__GIVEN ENTRIES__
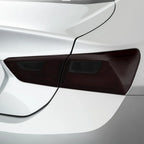 2019-2025 Chevrolet Malibu | Tail Light PreCut Tint Overlays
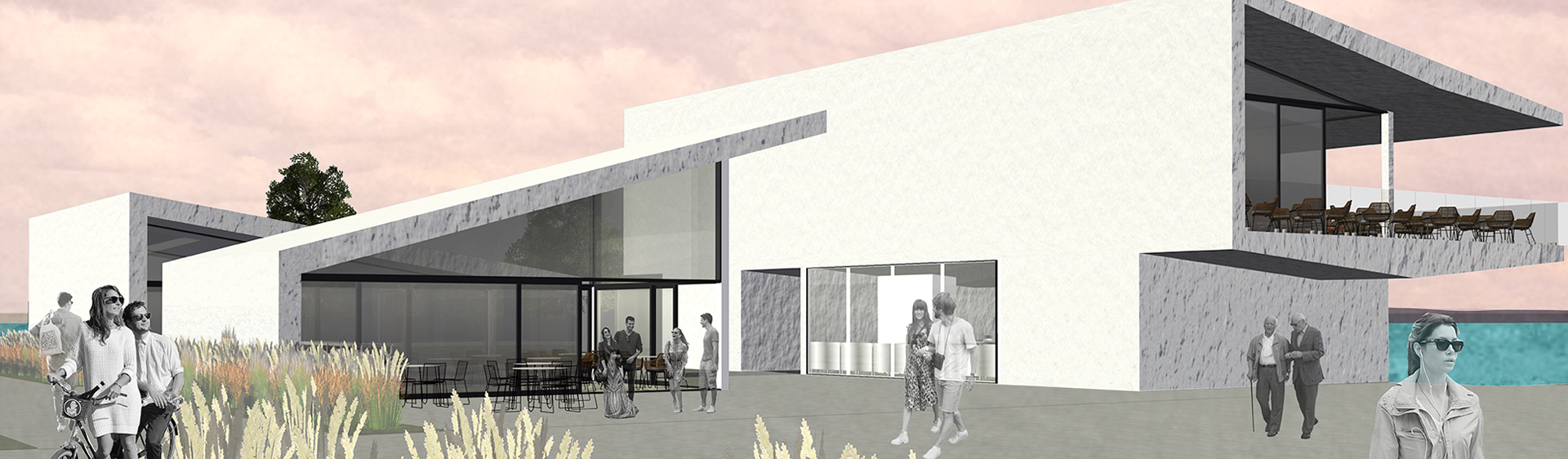 Kovács Gréta / Környezetkultúra alapszak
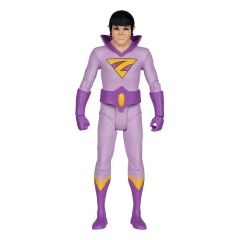 DC Retro Super Friends Action Figure Zan 15 cm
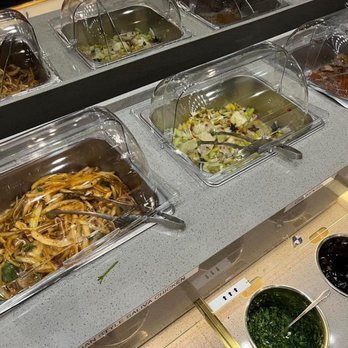 Liuyishou Hotpot - Chinese Near Me - Plano, Texas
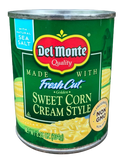 Cream Corn Repurposed CANdle Soy Wax Choice of Scents Hemp Wick
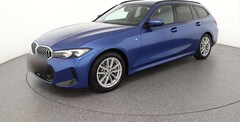 Bild des Angebotes BMW 330 i xDrive M Sport PAN|ACC|HUD|ParkAs+360°|AHK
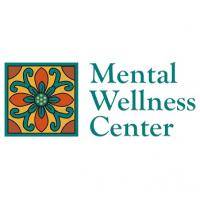 Mental Wellness Center Logo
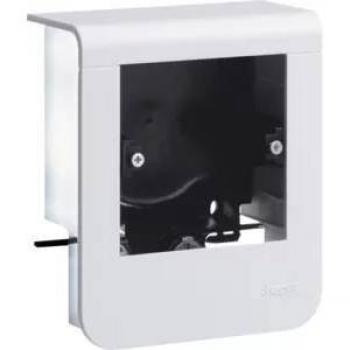 Hager Universalgeräteträger SL200559019016 20x55mm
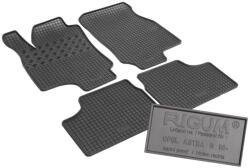 RIGUM Covorase auto Opel Astra G, caroserie Hatchback, fabricatie 1998 - 2009 (901894-103)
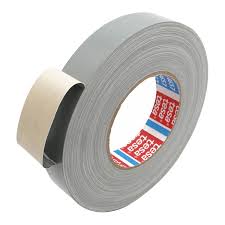 Adhesive cloth tape 19 mm x 50 m tesa® 4657 PV0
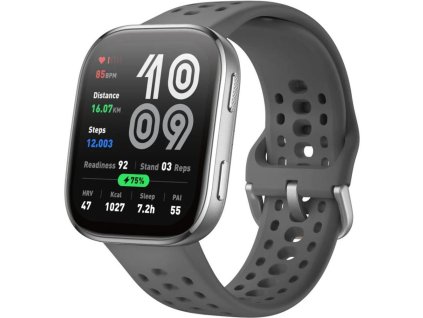 Bip 6 Charcoal AMAZFIT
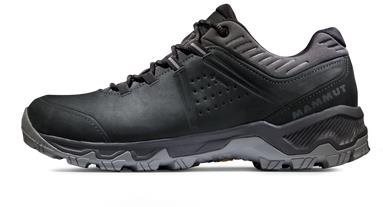 Mammut Mercury IV Low GTX® Men black-titanium/black EU 44 / 280 mm - Trekking Shoes - Main image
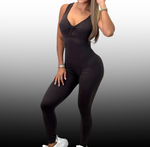 Onyx Passion (Black Bodysuit)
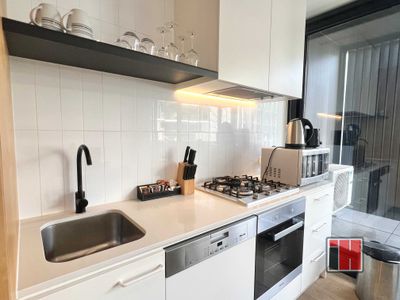 1703 / 33 Coventry Street, Southbank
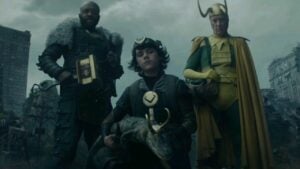 Loki Season 2’s Script Is Underway, To Film In 2022-23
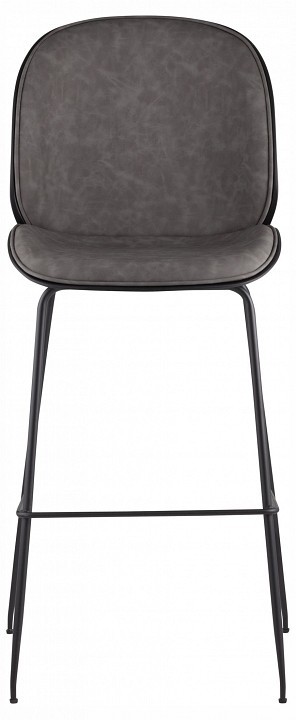 Набор из 2 стульев барных Турин SGR_9329C_GREY_BOX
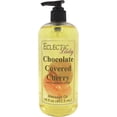 thumbnail image 1 of Coffee Massage Oil by Eclectic Lady, 16 oz, Sweet Almond Oil and Jojoba Oil, 1 of 5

__ACTIVITY__
Now transcribe the lines above exactly, starting at the line containing "DC Retro Super" and ending at the line containing "Adhesive cloth tape", both lines included, pictures excluded.

__SOLVED PROBLEM__
 DC Retro Super Friends Action Figure Zan 15 cm
 Liuyishou Hotpot - Chinese Near Me - Plano, Texas
 Cream Corn Repurposed CANdle Soy Wax Choice of Scents Hemp Wick
 Bild des Angebotes BMW 330 i xDrive M Sport PAN|ACC|HUD|ParkAs+360°|AHK
 Mental Wellness Center Logo
 Hager Universalgeräteträger SL200559019016 20x55mm
 RIGUM Covorase auto Opel Astra G, caroserie Hatchback, fabricatie 1998 - 2009 (901894-103)
 Adhesive cloth tape 19 mm x 50 m tesa® 4657 PV0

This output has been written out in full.